Though it has been misused by the vengeful and ruthless and the vigilante, it is the basis of any good system of law.
(iii) The point of the /lex talionis/ or “*an eye for an eye*” was to make the punishment fit the crime.
In other words, we don’t give someone the death penalty for stealing a Snickers, nor should we give a slap on the wrist to rapists and murderers.
Any society, any government must be fair.
We must develop a reasonable way to punish those who break the law.
c) Here is the key:
(i) The /lex talionis /was designed for government—for those in authority.
In Exodus, for example, these laws were specific instructions for judges (21:22)!
Judges, who were given the task of deciding how to punish lawbreakers, were not to give excessive and harsh punishments.

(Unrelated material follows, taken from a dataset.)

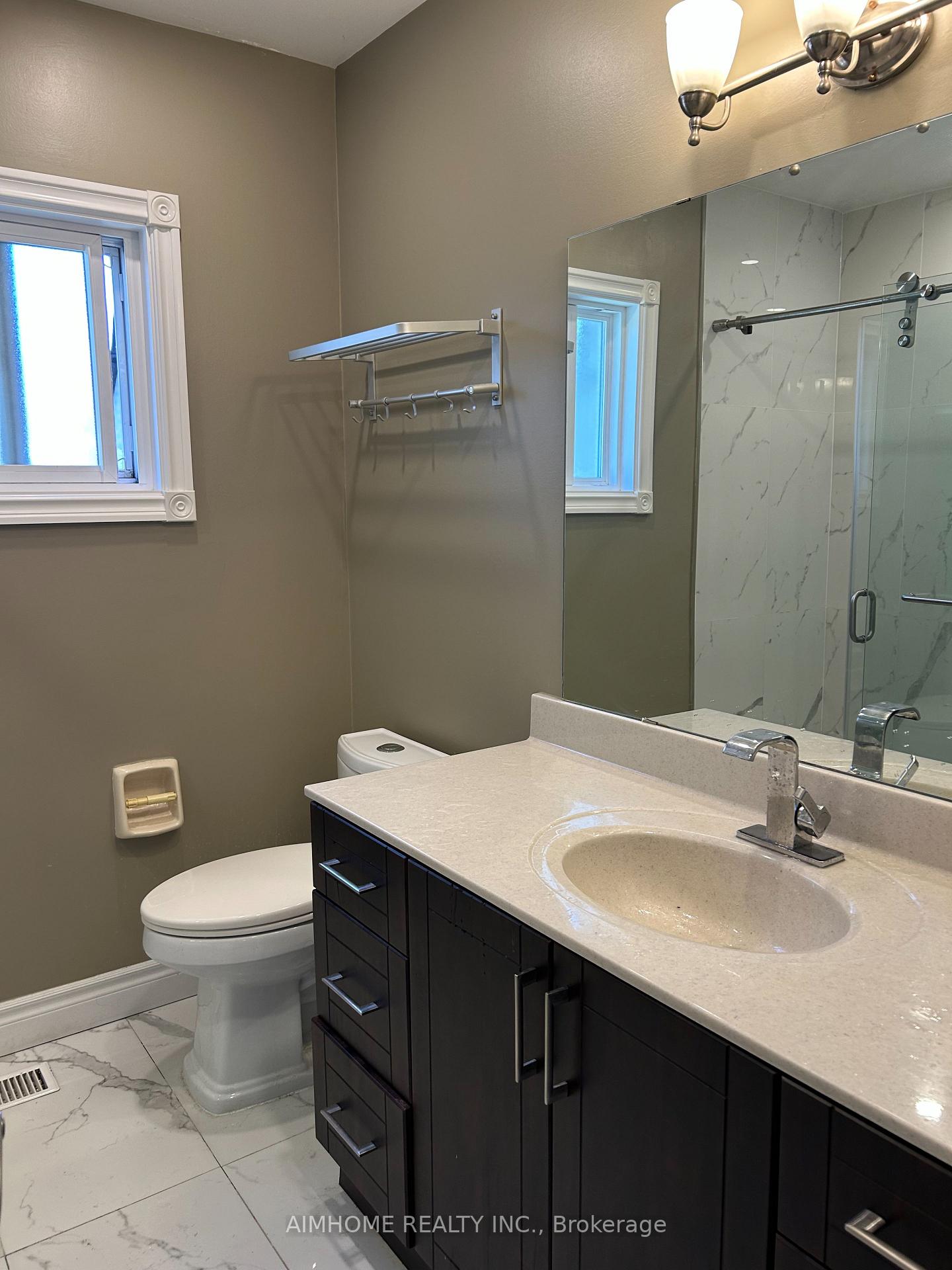 Photo 19 of 57 Mckelvey Drive, Markham, Aileen-Willowbrook — HOMEH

In this example in Exodus 21:22-25, if two men were fighting and they strike a woman and she gives birth prematurely, but baby and mama are not “injured,” the man was simply to receive a fine—“*as the judges decide*” the text says.
But, if the mama or baby died, the men were to give “*life for life*.”

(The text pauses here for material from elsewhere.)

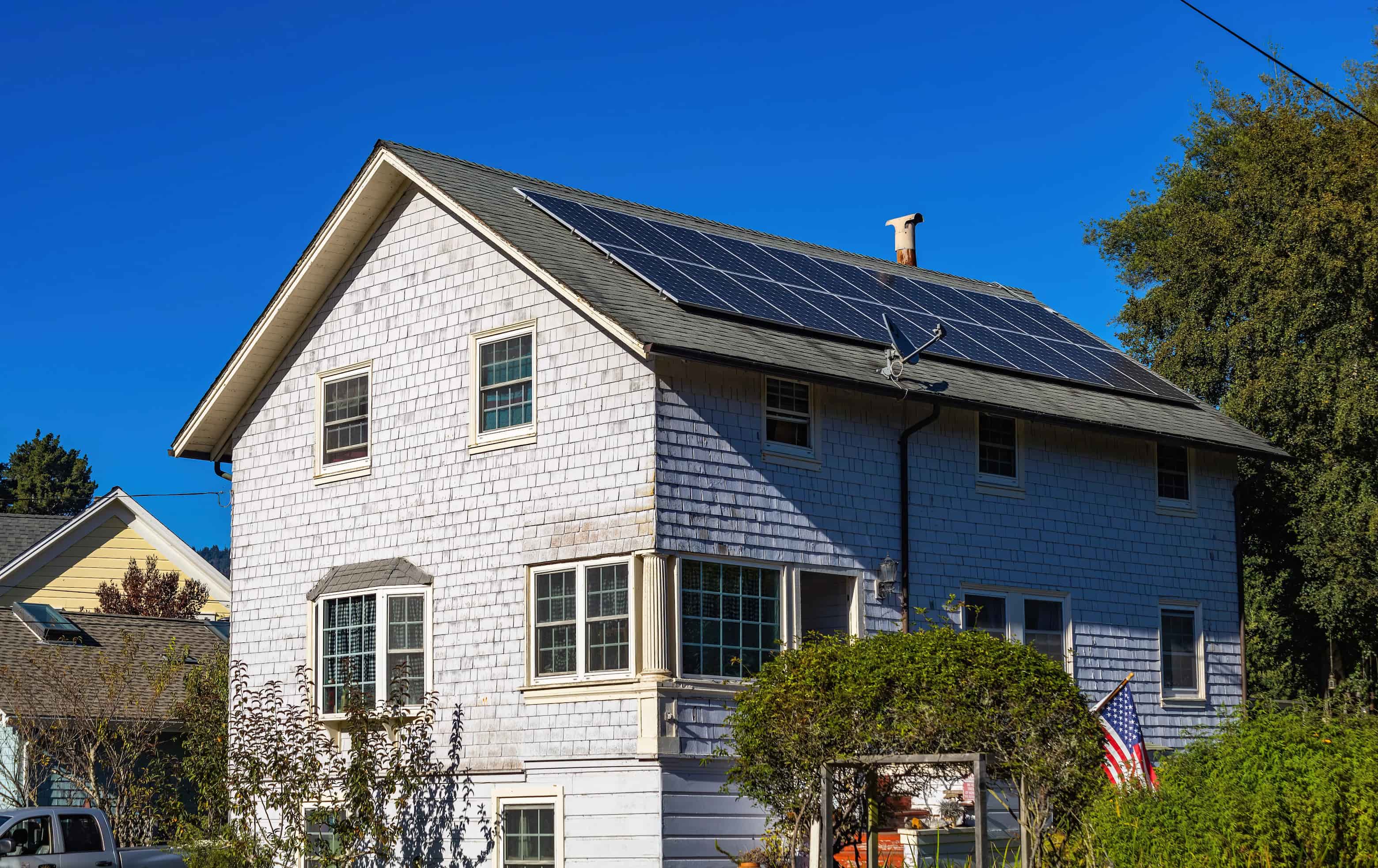 Southern California home with rooftop solar panels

The judge could give the death sentence to one or both of the men.
The punishment was to fit the crime.
This—in theory—was to protect the citizens of the nation from being treated unjustly by her leaders.

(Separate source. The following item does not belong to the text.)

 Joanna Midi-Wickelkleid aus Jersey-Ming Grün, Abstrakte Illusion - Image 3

(ii) As we continue to read these laws, we find that it wasn’t a strict system of retaliation either.
There were other concessions to be made if there was an injury.
For example, if you knocked my tooth out, it wouldn’t do either of us much good for me to knock your tooth out.
It might make me feel better, but I’d much rather have some cash so I could go down and have Angela Wilson fix me up.
So sometimes there was a fine rather than a strict “*eye for an eye and tooth for a tooth*” system.
In fact, the very next example in Exodus 21 involves a slave.
Listen to Exodus 21:26: “*If a man strikes the eye of his male or female slave, and destroys it, he shall let him go free on account of his eye*.”
So the slave didn’t get to poke his master’s eye out, but he was given his freedom.
The principle was still the same, though: The punishment should fit the crime.
(iii) By the time Jesus preached the Sermon on the Mount, the scribes and Pharisees had taken these laws out of the court of law and began applying them to personal relationships.
“Lex Talionis” was being used for personal revenge rather than judicial restraint.
They were misusing these laws to try to justify personal revenge.
But this was never the point in the Law of Moses.
Listen to Leviticus 19:18: “*You shall not take vengeance, nor bear any grudge against the sons of your people, but you shall love your neighbor as yourself; I am the Lord*.”
Personal vengeance—getting even or striking back—was never condoned by God’s law.
It is not acceptable.
Nor is it a good idea as the Hatfields and McCoys demonstrated.
This is what Jesus was addressing.
His disciples were to rise above this system of personal revenge.
C. “*But I say*…”
1. “*Do not resist an evil person*.”
This is the main command.
The rest of this section is a list of examples—what this looks like on a practical level.
But before we look at those examples, what did Jesus mean by “*do not resist an evil person*”?
a) Jesus was speaking again in hyperbolic terms—exaggerated terms.
Jesus could not have meant “*do not *(ever) *resist an evil person*.”
If He meant “(never ever) *resist an evil person*” then take the locks off your doors.
Those locks are there to resist an evil person.
They’re there to keep evil people from coming into your home.
If He meant “(never ever) *resist an evil person*” then it’s wrong for us to defend ourselves.
It’s wrong for a society to have a police force.
It’s wrong to have people checking luggage at airports so we can keep terrorists from sneaking bombs on the plane.
b) Again, when we are attempting to interpret the Bible, we must look at the context.
We must understand the history behind the immediate context.